Reports and checkpoints:
- Checkpoints are stored under `downloads/state/` by default (derived from `--doi-file` name).
- Successes report: `downloads/state/<name>_successes.txt` (tab-separated DOI and saved path).
- Failures report: `downloads/state/<name>_failures.txt` (tab-separated DOI and error or NO_OUTPUT).
- Dry-run does not write checkpoints or reports.

## Behavior Notes
- The scripts automatically read `.env`. Missing providers are skipped gracefully.
- When publisher/Crossref/OpenAlex cannot serve a PDF, Unpaywall OA fallback is attempted if `UNPAYWALL_EMAIL` is set.
- Springer only returns open-access items; paywalled content still requires manual access.

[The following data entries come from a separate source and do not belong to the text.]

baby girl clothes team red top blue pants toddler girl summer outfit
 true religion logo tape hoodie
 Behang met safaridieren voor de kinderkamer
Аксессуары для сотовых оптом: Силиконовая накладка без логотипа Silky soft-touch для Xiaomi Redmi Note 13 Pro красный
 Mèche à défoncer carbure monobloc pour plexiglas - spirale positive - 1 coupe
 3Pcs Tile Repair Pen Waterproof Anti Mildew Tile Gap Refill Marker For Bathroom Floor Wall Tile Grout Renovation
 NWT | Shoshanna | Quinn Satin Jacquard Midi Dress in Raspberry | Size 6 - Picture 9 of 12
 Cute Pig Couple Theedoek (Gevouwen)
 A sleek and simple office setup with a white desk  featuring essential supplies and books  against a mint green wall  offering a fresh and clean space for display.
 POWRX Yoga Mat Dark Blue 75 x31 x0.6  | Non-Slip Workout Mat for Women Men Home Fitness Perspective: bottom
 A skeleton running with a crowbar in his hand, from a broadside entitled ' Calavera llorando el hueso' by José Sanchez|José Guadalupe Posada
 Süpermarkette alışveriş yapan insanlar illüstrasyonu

- After downloading a PDF, a DOI landing page scan looks for supplementary links and saves PDF-only assets.
- Throttling ensures compliance with typical TDM limits (min `1.0s/file`).

## Troubleshooting
- 403/429 responses usually indicate rate limits or missing safelisting; use request delays and ensure credentials.
- Check logs for the exact URL that failed when extending to new publishers.